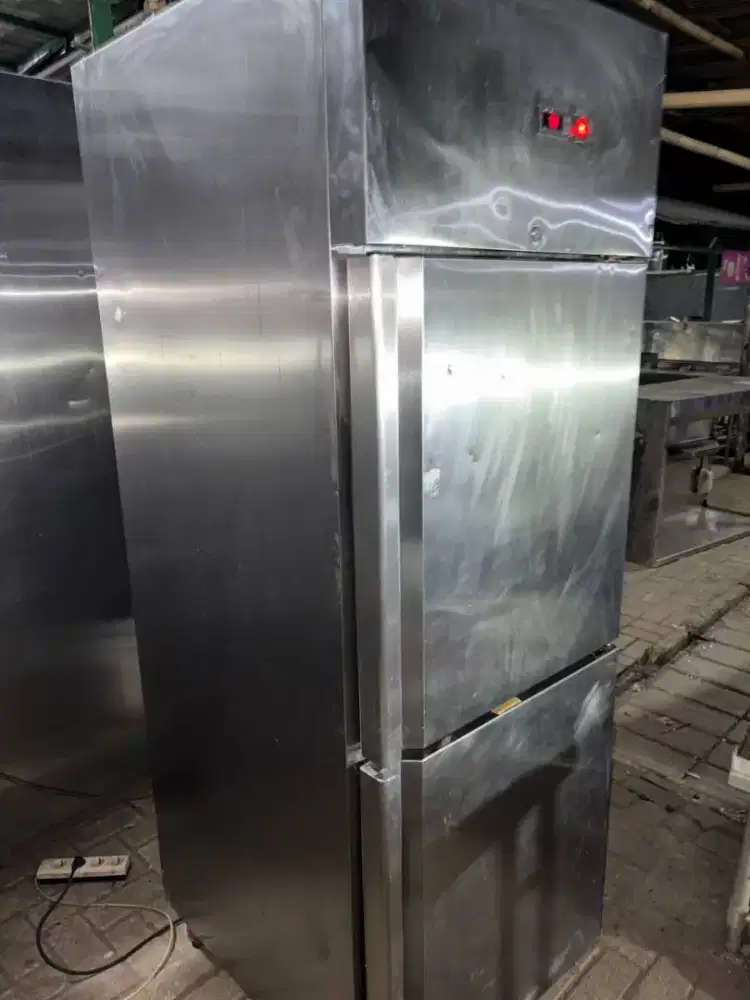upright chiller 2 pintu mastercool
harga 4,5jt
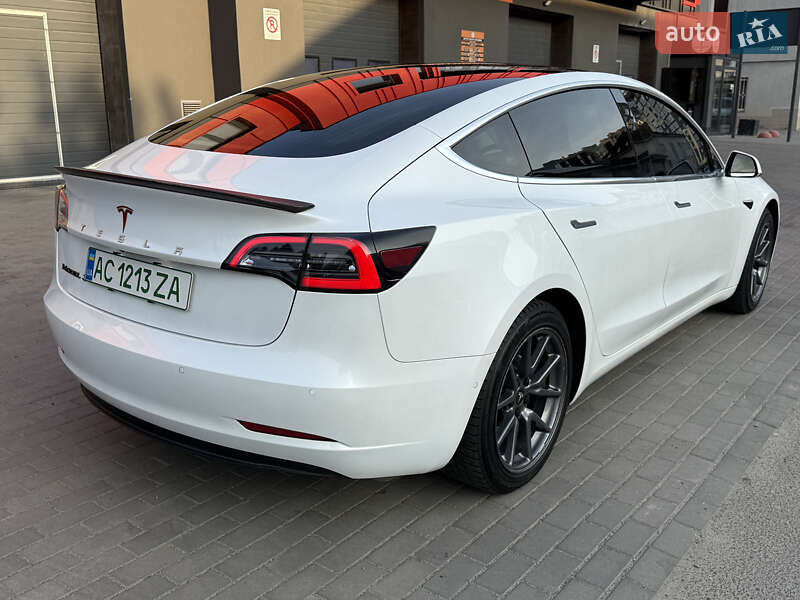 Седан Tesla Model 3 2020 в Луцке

* * *

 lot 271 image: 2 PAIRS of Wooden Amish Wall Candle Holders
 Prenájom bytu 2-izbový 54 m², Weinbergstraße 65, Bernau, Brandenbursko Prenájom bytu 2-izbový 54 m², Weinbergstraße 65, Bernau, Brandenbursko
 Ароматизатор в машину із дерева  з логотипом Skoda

## Work request
Once you find the line with "lot 271 image: 2" above, print it and every line after it up to and including the line with "Ароматизатор в машину", exactly as written and nothing else.

## Response to the task
 lot 271 image: 2 PAIRS of Wooden Amish Wall Candle Holders
 Prenájom bytu 2-izbový 54 m², Weinbergstraße 65, Bernau, Brandenbursko Prenájom bytu 2-izbový 54 m², Weinbergstraße 65, Bernau, Brandenbursko
 Ароматизатор в машину із дерева  з логотипом Skoda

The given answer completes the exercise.